2018年08月27日 多田哲平(サッカーダイジェスト)

24節終了時点で31得点は、リーグ9位タイ

横浜戦でフル出場したイニエスタはチャンスメイクに尽力。しかしこの日はゴールを生み出せず。写真:金子拓弥(サッカーダイジェスト写真部)

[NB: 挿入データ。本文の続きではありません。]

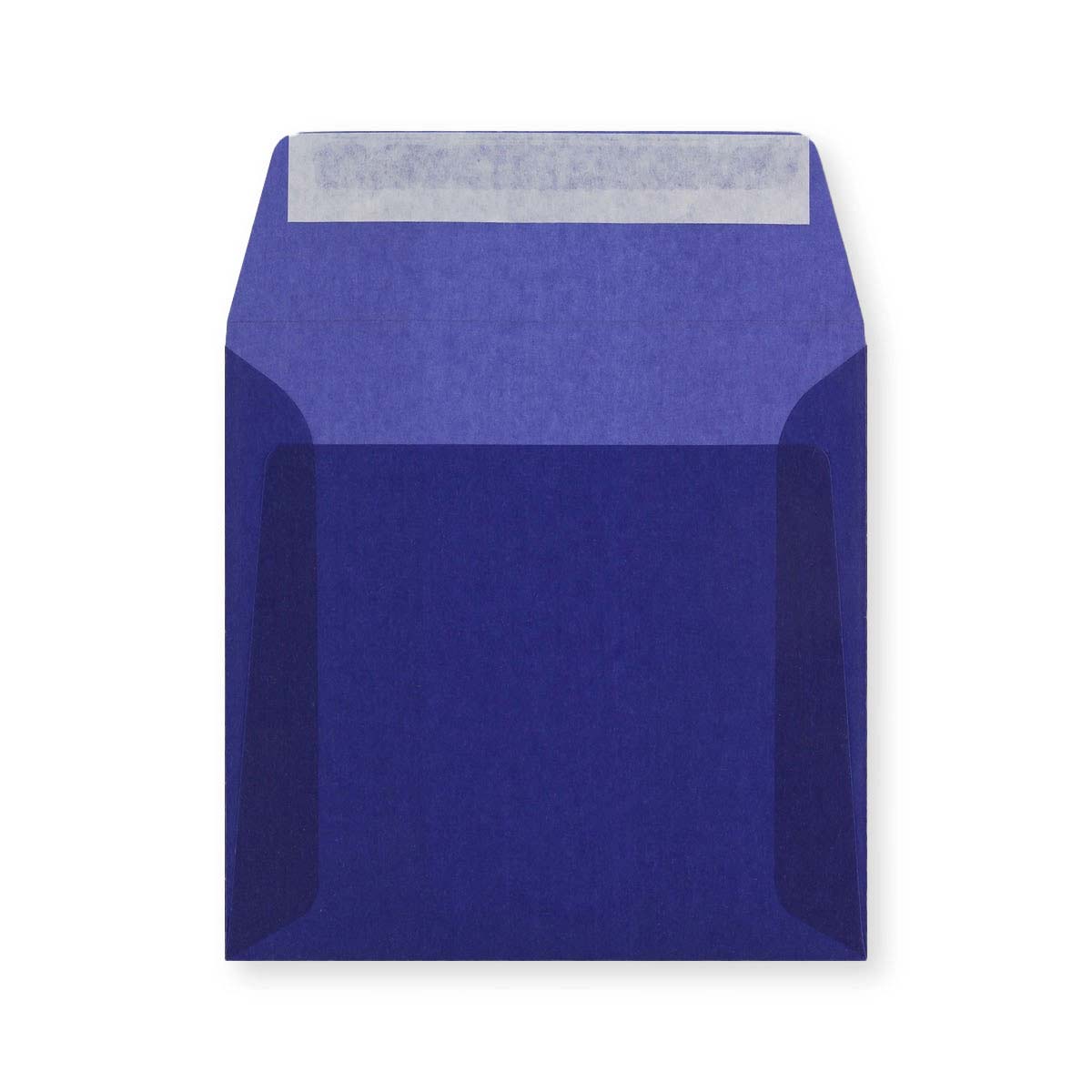 Translucent Envelopes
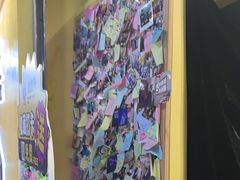 -谜盒子奇幻密室(南屏店)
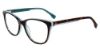 Picture of Gap Eyeglasses VGP023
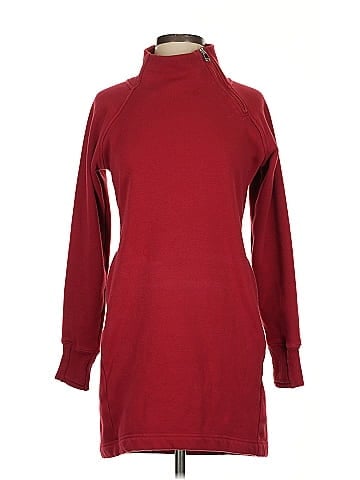 Athleta Casual Dress (view 1)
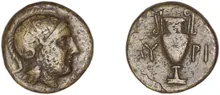 coin rev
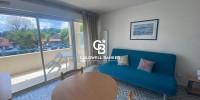 appartement à CIBOURE (64500)
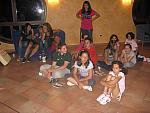 IMG 5606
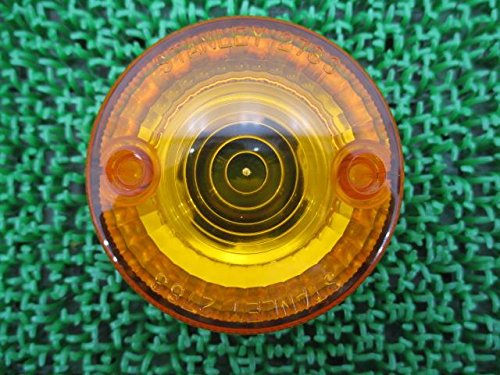 [�z���_] �X�[�p�[�J�u�����Б��E�C���J�[�����Y C50 33402-GBJ-003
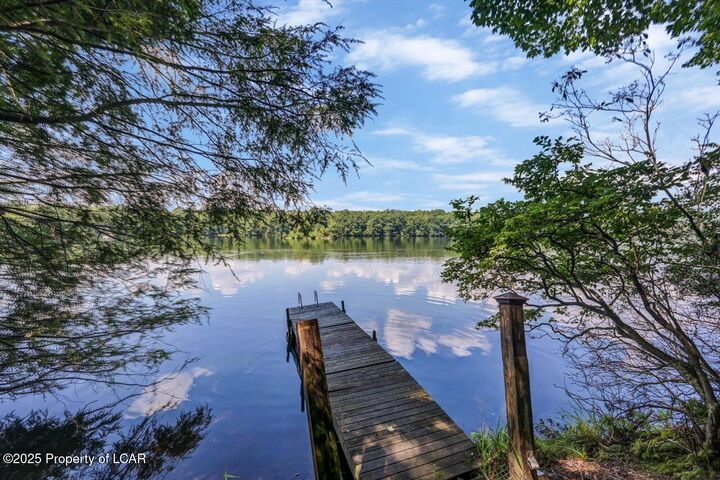 Property Photo: 236 Trapper Springs Lane PA 18222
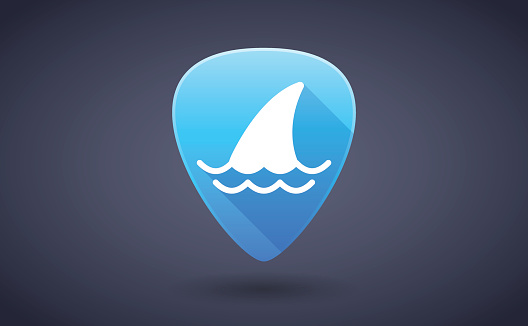 Free Wireshark icon | Wireshark icons PNG, ICO or ICNS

[J1リーグ24節]神戸0-2横浜/8月26日/ノエビアスタジアム神戸
 
 ヴィッセル神戸はJ1の24節で横浜F・マリノスに0-2の敗戦。アンドレス・イニエスタとルーカス・ポドルスキが揃って先発して敗れたのは、この試合が初めて。勝敗を分けたのは、紛れもなく決定力の差だった。
 
 神戸が放ったシュート数は前後半合わせて18本。7本だった横浜の2倍以上の数だ。元スペイン代表のイニエスタ、元ドイツ代表のポドルスキを中心に攻撃を組み立て、再三、横浜ゴールを脅かした。それでも――。結局ノーゴールに終わった神戸は逆に、横浜に数少ない決定機をモノにされたのである。
 
 吉田孝行監督が「数多くのチャンスを自分たちは作れたと思う。やっぱりサッカーはゴールを多く決めたほうが勝つが、そこの部分が足りなかった」と振り返れば、選手たちも口を揃えて、フィニッシュの精度を嘆いた。
 
「単純にボールを持つだけじゃダメだし、最後のゴールのところを解決しなければいけないことは明確」(ポドルスキ)
 
「あれだけチャンスを作っていて、自分たちが先に決めることもできたはずでした。決めるべき時に決めないと、やっぱりああやって仕留められてしまう」(三田啓貴)
 
 課題は明らかだ。
 
 イニエスタとポドルスキの他、屈強なブラジル人FWウェリントン、今季注目度ナンバーワンのルーキー郷家友太など、多士済々な攻撃陣が不発だったのは、由々しき問題。この夏にガンバ大阪から加入したFWの長沢駿も、この横浜戦で途中出場して終盤に立て続けに決定機を得たが、枠を捉えられなかった。
 
「イニエスタからパスを受けて、トラップまでは完璧だった。GKの動きもすべてが見えていて、ちょこんと浮かせば入る形だったんですけど……そこの感覚というか、ちょっと当てすぎちゃった感じがあった。あれを決めていれば、違う形になったと思う」
 
 たかが、横浜戦の1試合でたまたま点が入らなかっただけ、と見過ごしてはいけないだろう。24節終了時点で31得点は、清水と並んでリーグ9位タイの数字で、現在5位という位置を考えると、物足りない。ゴール数を増やすためには、長沢が言うような細かな感覚の意識を研ぎ澄ます必要がある。